Build Security

Build Reproducibility: A Verification Guide

If you cannot reproduce a build bit-for-bit, you cannot verify it was not tampered with. This guide covers deterministic builds, reproducibility verification, and why it matters for supply chain trust.

The SolarWinds attack demonstrated a fundamental problem with modern software distribution: users had no way to independently verify that the binary they received corresponded to the source code the vendor published. The attackers injected malicious code during the build process, and the resulting binary was signed and distributed through normal update channels. The source code in version control was clean. The build artifact was compromised.

Reproducible builds solve this problem. If you can take the same source code, the same dependencies, and the same build environment and produce a bit-for-bit identical output, then anyone can verify that a binary was built from a specific set of sources. If the outputs differ, something changed -- and that something needs investigation.

What Makes Builds Non-Reproducible

Most build processes are not reproducible by default. The same source code built on two different machines, or even on the same machine at two different times, typically produces different binaries. The differences come from several sources:

Timestamps. Compilers, linkers, and archive tools embed build timestamps in their output. A build at 10:00 AM produces a different binary than the same build at 10:01 AM. This is the most common source of non-reproducibility and the easiest to fix.

File ordering. When a build tool processes files in a directory, the order depends on the filesystem. Different filesystems (ext4 vs. NTFS vs. APFS) return directory listings in different orders, producing different output even from identical inputs.

Randomization. Some compilers use randomized algorithms for optimization decisions, hash table layouts, or symbol ordering. These produce valid but non-identical outputs across runs.

Absolute paths. Many build tools embed the absolute path of source files in debug information, error messages, or metadata. Building in /home/alice/project produces different output than building in /home/bob/project.

Environment variables. Build tools may capture environment variables (locale, timezone, username) and embed them in output.

Non-deterministic dependency resolution. If dependencies are not pinned to exact versions with integrity hashes, different builds might use different dependency versions.

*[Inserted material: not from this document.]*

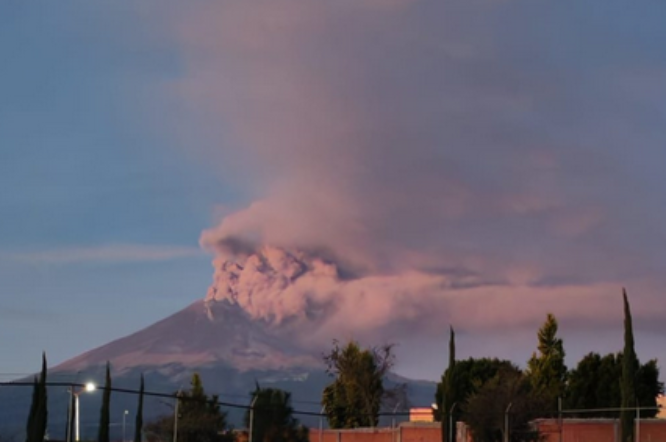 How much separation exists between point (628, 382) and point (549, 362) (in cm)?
4619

Compiler version differences. Even minor compiler version changes can alter code generation, producing functionally identical but byte-different binaries.

Achieving Reproducibility by Language

C/C++

C and C++ builds are among the hardest to make reproducible because of the complexity of the toolchain.

Use -Werror=date-time to catch accidental use of __DATE__ and __TIME__ macros. Better yet, use SOURCE_DATE_EPOCH -- when this environment variable is set, GCC and Clang use its value instead of the current time for __DATE__ and __TIME__.

Use -ffile-prefix-map to strip or normalize source directory paths from debug info and error messages. This replaces absolute paths with a canonical prefix.

Stabilize link order. Ensure that object files are passed to the linker in a deterministic order. This usually means sorting file lists explicitly rather than relying on glob expansion.

Pin the toolchain. Use a containerized build environment with a specific compiler version, system libraries, and tool versions. Nix, Guix, and Docker all work for this purpose.

Java

Java builds have their own reproducibility challenges, primarily around JAR file construction.

JAR file metadata. JAR files are ZIP archives, and ZIP entries contain timestamps and file ordering. Use the --reproducible flag in modern versions of jar, or configure Maven/Gradle to normalize ZIP entries.

Maven reproducible builds. As of Maven 3.9.x, add project.build.outputTimestamp to your POM to enable reproducible builds. Gradle supports reproducibility through the reproducibleFileOrder and preserveFileTimestamps settings in archive tasks.

Annotation processors. Some annotation processors generate code with timestamps or random identifiers. Audit your annotation processors and configure them for deterministic output.

Go

Go is one of the more reproducible languages out of the box. Since Go 1.13, builds are mostly reproducible if you control for:

GOPATH and module cache location (use -trimpath to strip local paths)
Go toolchain version (pin it in go.mod with the toolchain directive)
CGo usage (CGo invokes the system C compiler, reintroducing all C/C++ reproducibility issues)
Build tags and GOOS/GOARCH environment variables

JavaScript/Node.js

Node.js applications are typically distributed as source bundles rather than compiled binaries, which sidesteps many reproducibility issues. However:

Webpack/esbuild/Rollup output may include timestamps, chunk hashes based on content plus build metadata, or randomized module IDs. Configure your bundler for deterministic output.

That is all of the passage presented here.